_EXERCISE GOAL_.
In the records below, reproduce exactly the lines from the one containing "Пасат б5, Passat b5 2.0 бензин." through the one containing "23 mexicanos detenidos", both included, and omit the pictures.

==========

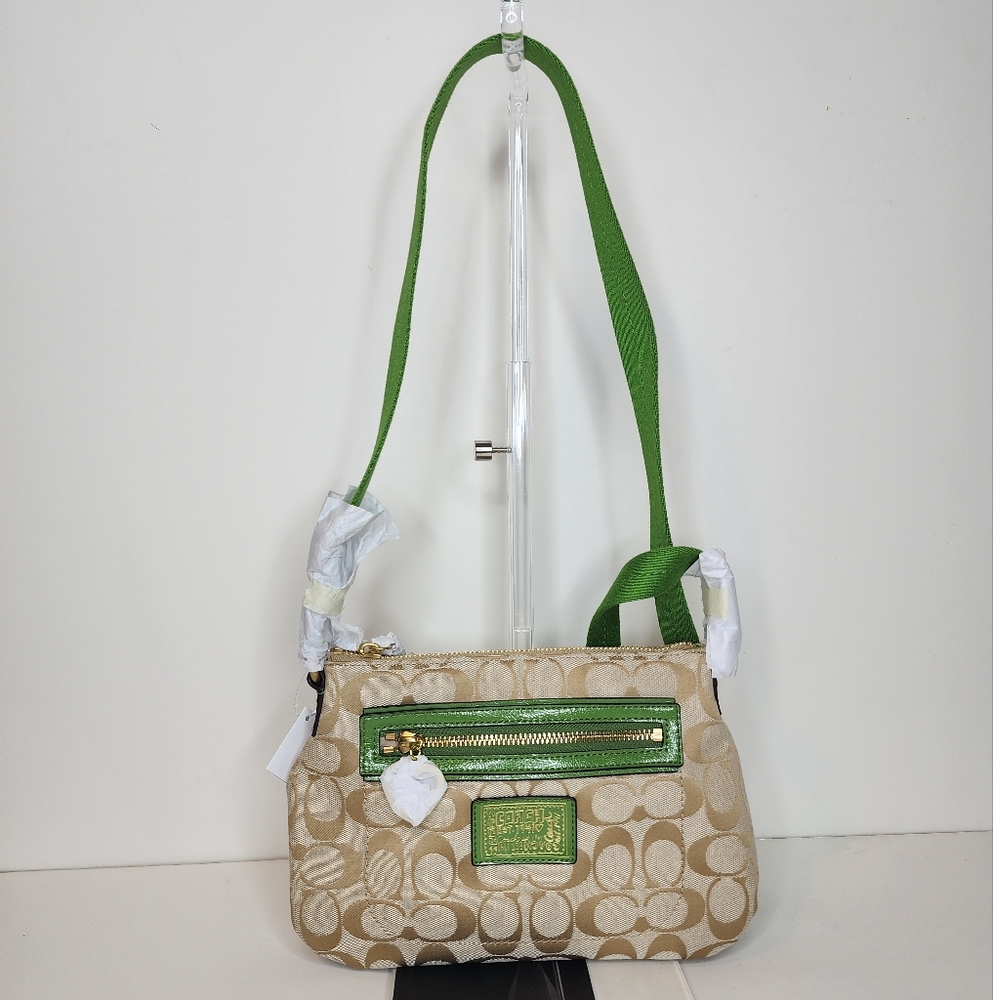 Coach Poppy Crossbody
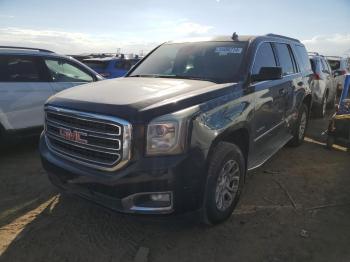  Salvage GMC Yukon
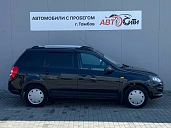Lada (ВАЗ) Kalina, 2015г., передний привод, механика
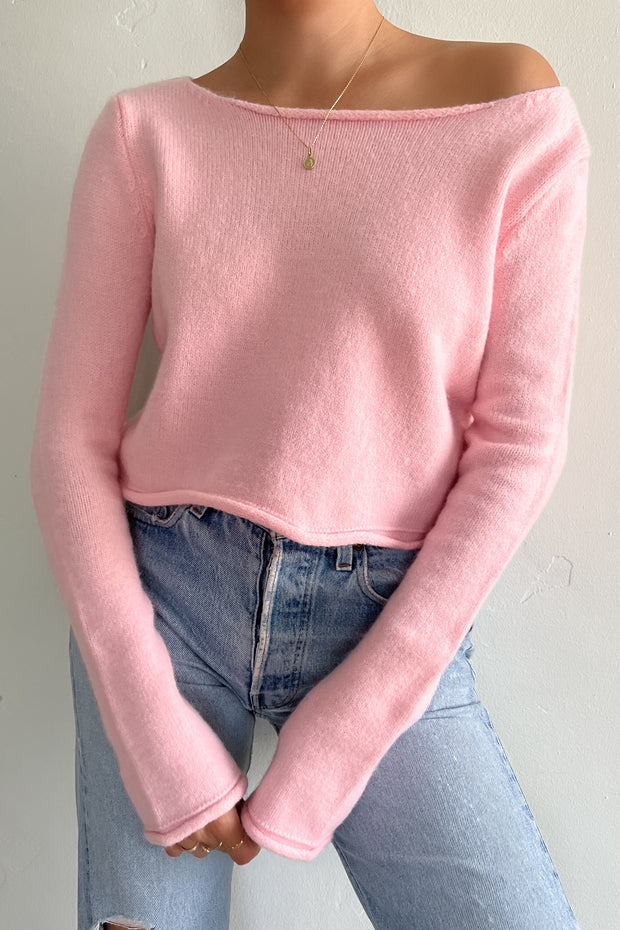 Ever Sweater - Pink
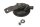Hupe Signalgeber elektrische Horn mit Halterung BMW R 1200 GS K25 0307 R12 04-07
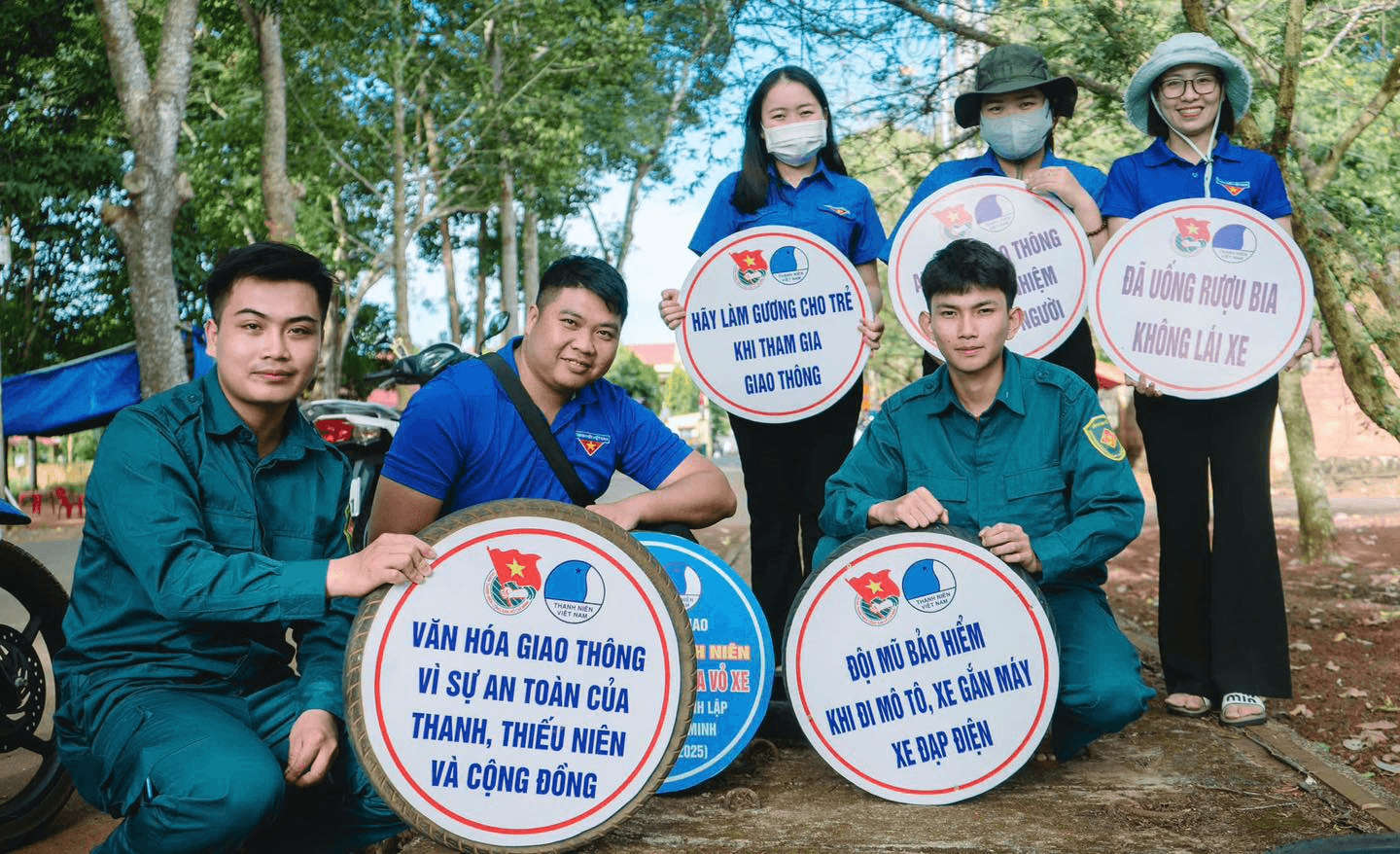 Hai tuần đầu, nhiều chỉ tiêu trong Tháng Thanh niên 2025 vượt mức đăng ký
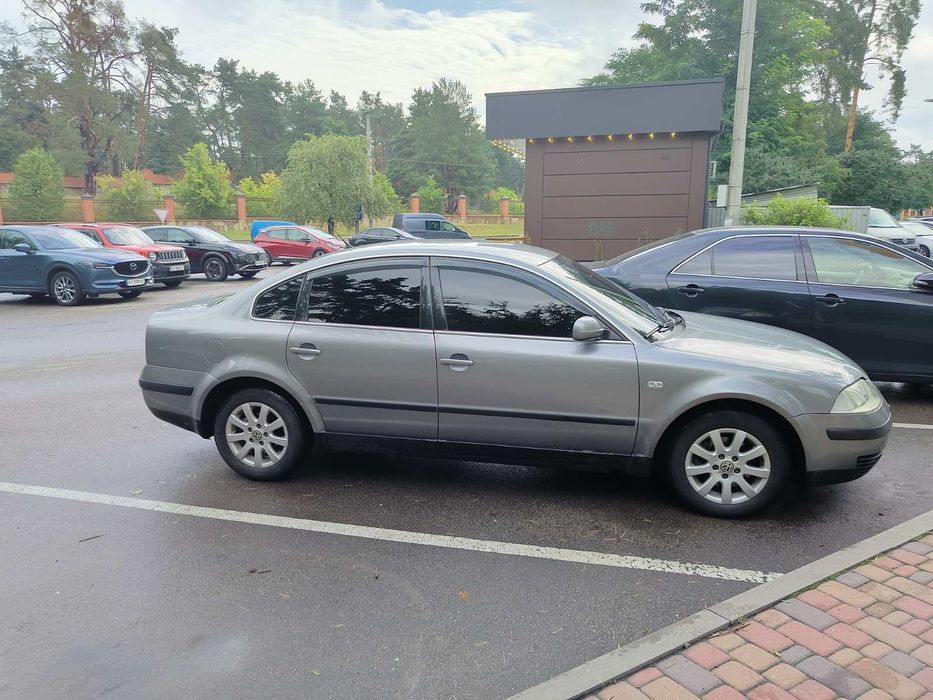 Пасат б5, Passat b5 2.0 бензин.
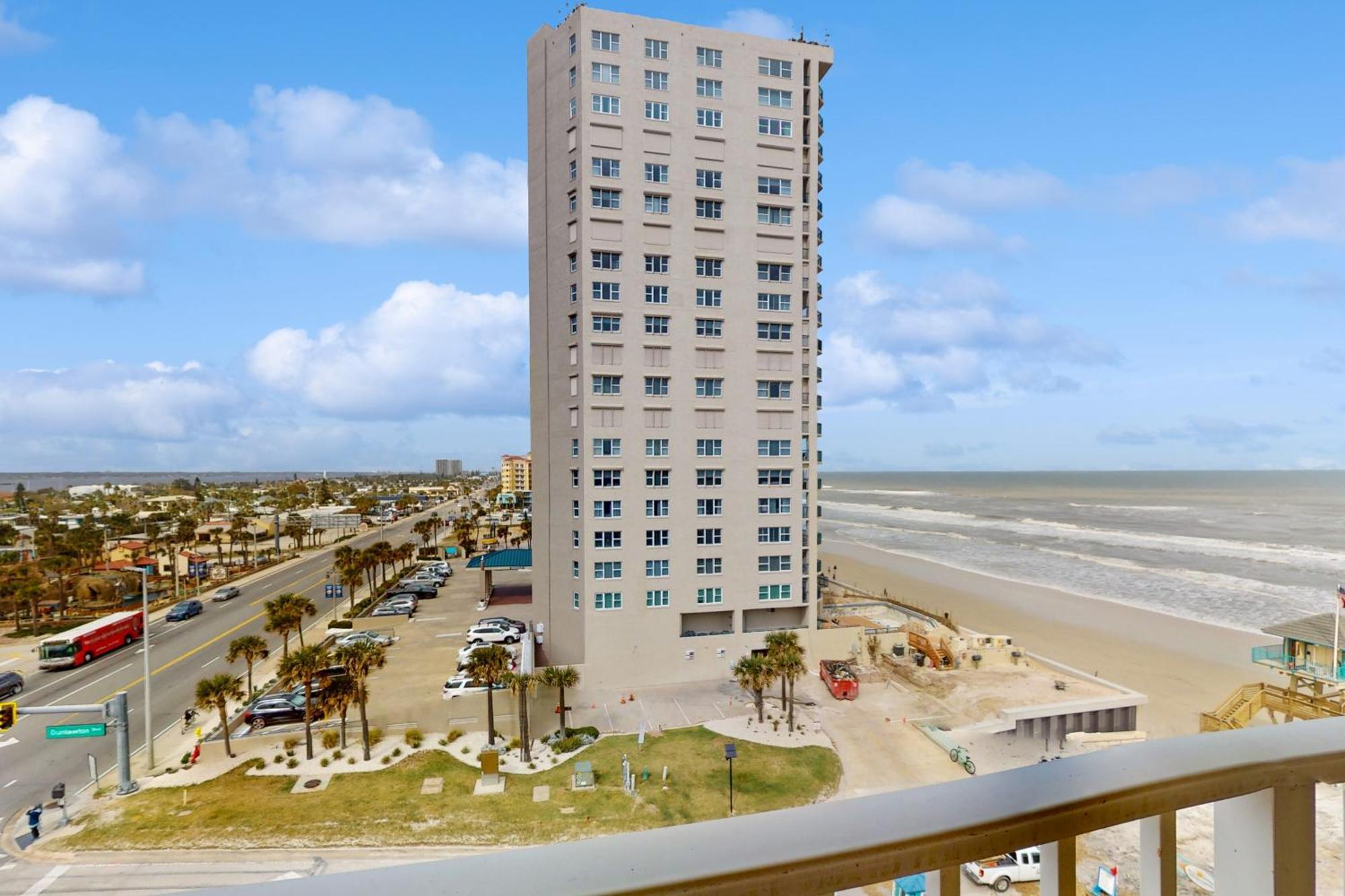 Tide Shift Apartment Daytona Beach Shores Exterior photo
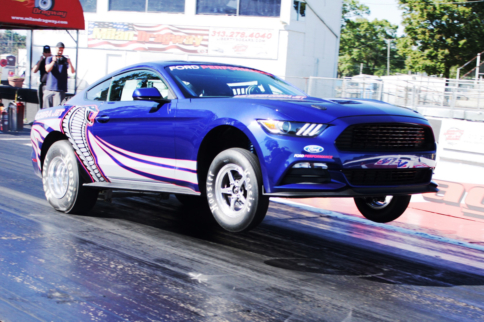 Video: Pete Ricart Snags Up #16 Of 50 2016 Cobra Jet Models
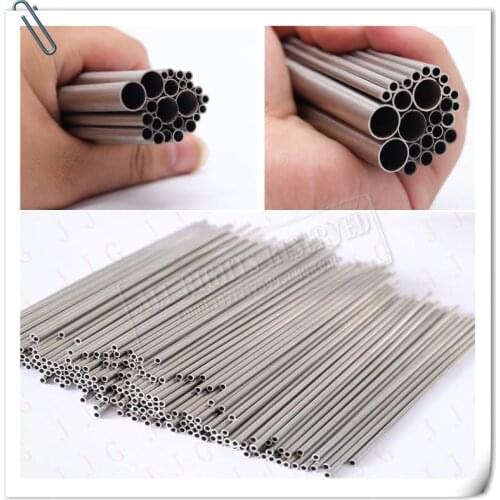 Tube OD7.5mm seamless stainless steel pipe 3mm 7mm SCH thickenss pipe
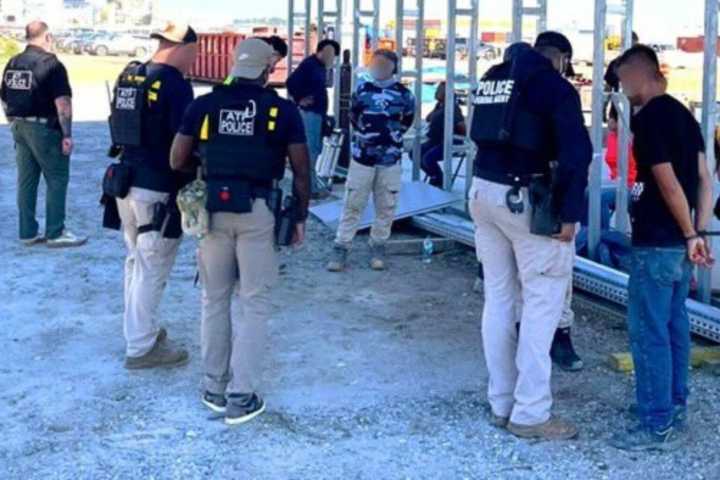 23 mexicanos detenidos en redada a planta de Hyundai en Georgia aceptan repatriación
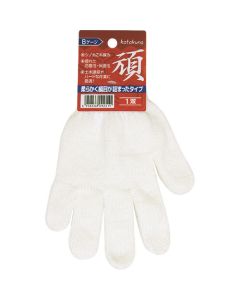 Sythetic Double Strings Knitted Work Gloves 1 Pair Pack KATAKUNA 10ชุด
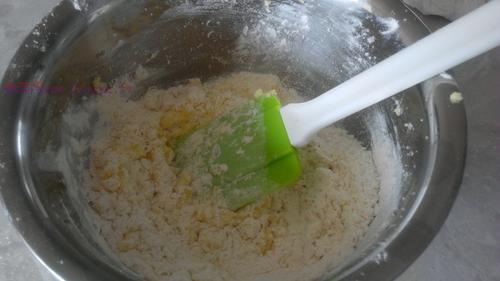 藍(lán)莓醬小餅干的做法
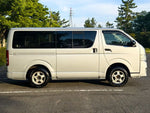 HIACE van 4WD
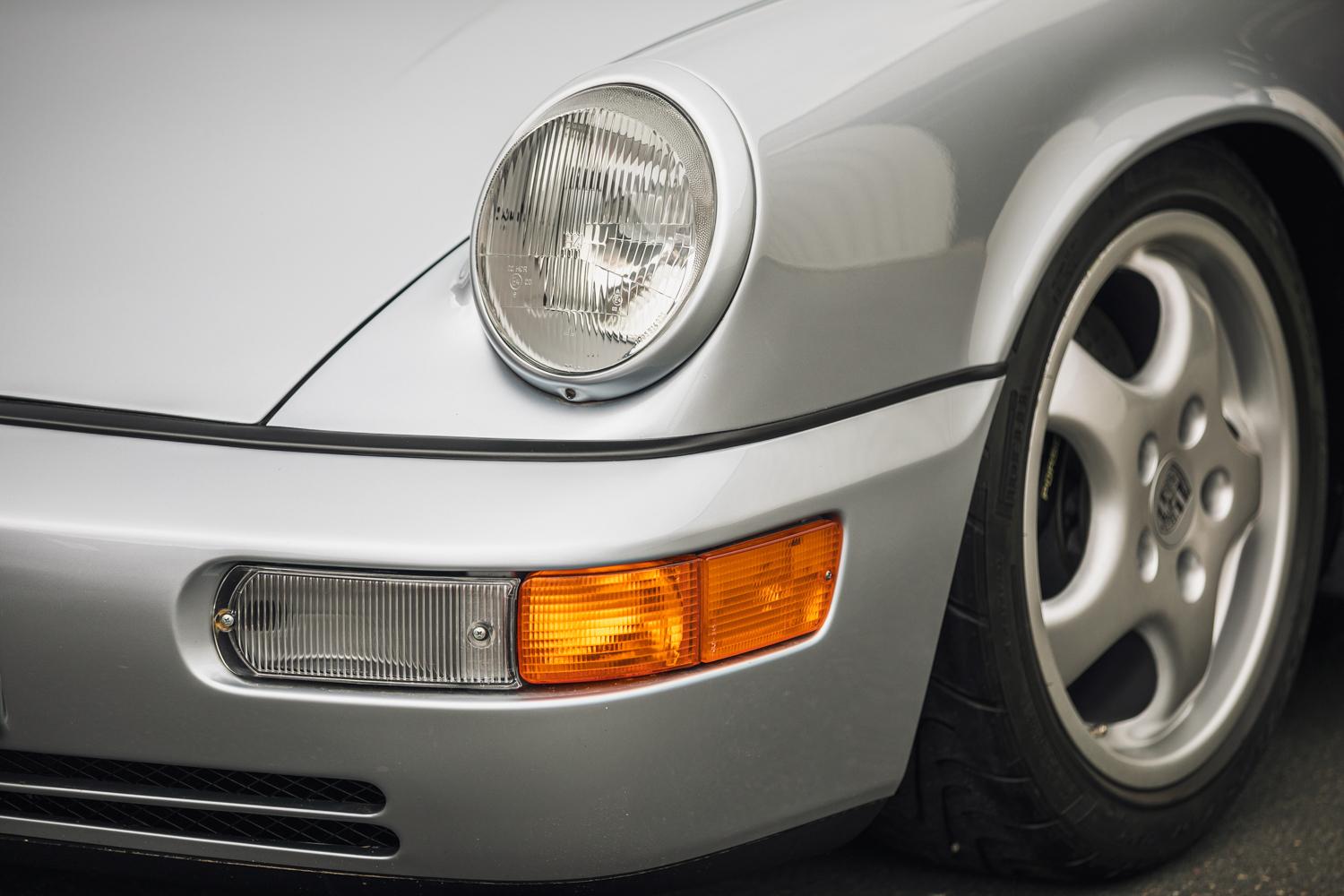 1991 Porsche 911 (964) Carrera RS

==========

_ANSWER SPACE_.
 Пасат б5, Passat b5 2.0 бензин.
 Tide Shift Apartment Daytona Beach Shores Exterior photo
 Video: Pete Ricart Snags Up #16 Of 50 2016 Cobra Jet Models
 Tube OD7.5mm seamless stainless steel pipe 3mm 7mm SCH thickenss pipe
 23 mexicanos detenidos en redada a planta de Hyundai en Georgia aceptan repatriación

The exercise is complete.